The above are all small annoyances, when taken separately. I should, if I could be absolutely proportional in my feelings, be in an uninterrupted state of slight perturbation. But I was (and probably still am) angry and wanting to leave (due to the small annoyances mentioned above and to larger annoyances that, for various reasons, will not be mentioned on this blog. Since you have doubtless memorised this blog's disclaimer word-for-word by now, you know what I am talking about.). Most of my anger is not at any one annoyance. I am angry that I am an outsider and have to deal with other people viewing me as an outsider, whether they express that view by patronising me, staring at me with cold, dead eyes or laughing at me. I did not expect that I would escape culture shock, but I was fooled by the culture-shock into thinking that it would be a gradual descent. Culture shock is like finding an adult cockroach in your bathroom. You don't expect it, it's ugly, it startles you when it appears and when you spray it with insecticide it smells bad and poisons you.

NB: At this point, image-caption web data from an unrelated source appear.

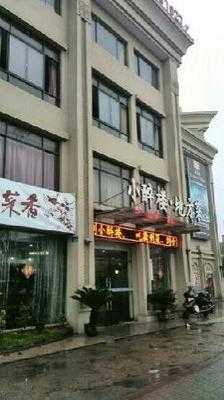 小醉楼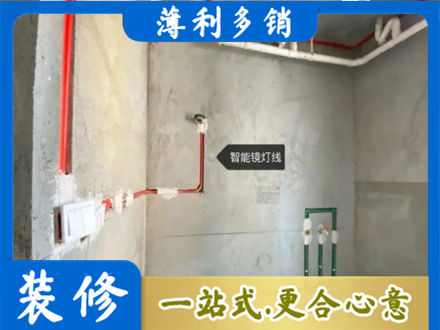 本溪市平山浴室水电安装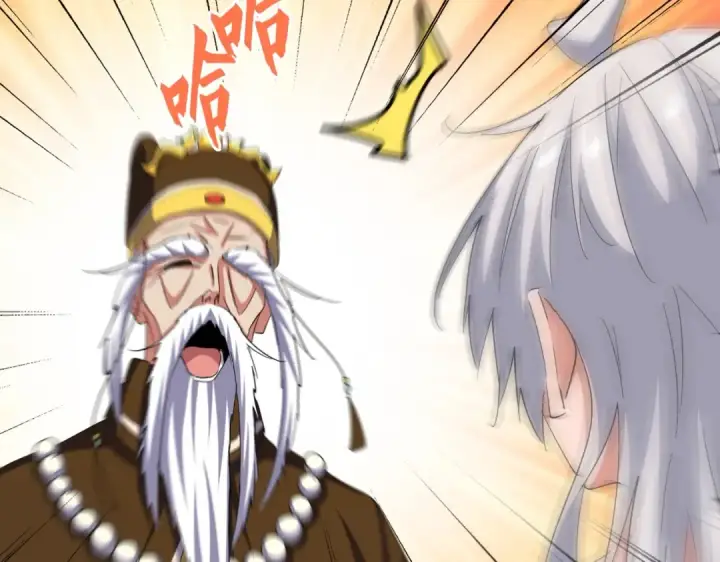 《魔皇大管家》第388话 老狐狸图93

So now the mental countdown has begun in earnest. The mental countdown is BAD: it prevents those who do it from having fun. Of course, I miss home, and would be a cruel person if I didn't. But there are great things and great people here, and my work will eventually be fulfilling and excellent. I prefer to look forward to those things instead of thinking to myself "Only eight months before you go back home!". I cannot let myself be pissed-off for eight months. I would probably die before the eight months finish if I were to be pissed-off for all eight of them. So I have resolved to forget about the amount of time left, and to replace anxiety with the seeking of fun. I like fun more than I like anxiety.

My feelings and the CIL training have confirmed a suspicion that I have had for years: multiculturalism is a sham. When non-Europeans migrate to Canada, they do not force their cultures upon anyone. Culture is not weird dance, weird food and funny talk. Culture is the totality of what a group of people values, and what they do in the service of those values. It is true that Canada allows people of any culture to live within its borders. But Canada very much has one culture – Western culture. Westerners' attachment to reason (economic benefit?) and disgust at parochialism allow Westerners to coexist with people of other cultures without confronting the value differences between Western culture and said other cultures. Those who are raised in urban Canada and who stay in their particular urban agglomeration (I acknowledge that there are cultural differences between provinces, cities, etc.) do not experience culture shock because of immigrants. I might be a connoisseur of bún (yes, Vietnamese people eat more than just phở) but be unable to stomach Vietnamese norms about personal space (or lack thereof) or about friendship.

I can't think of a smooth way to end this post, so I have put a clumsy way to end it instead.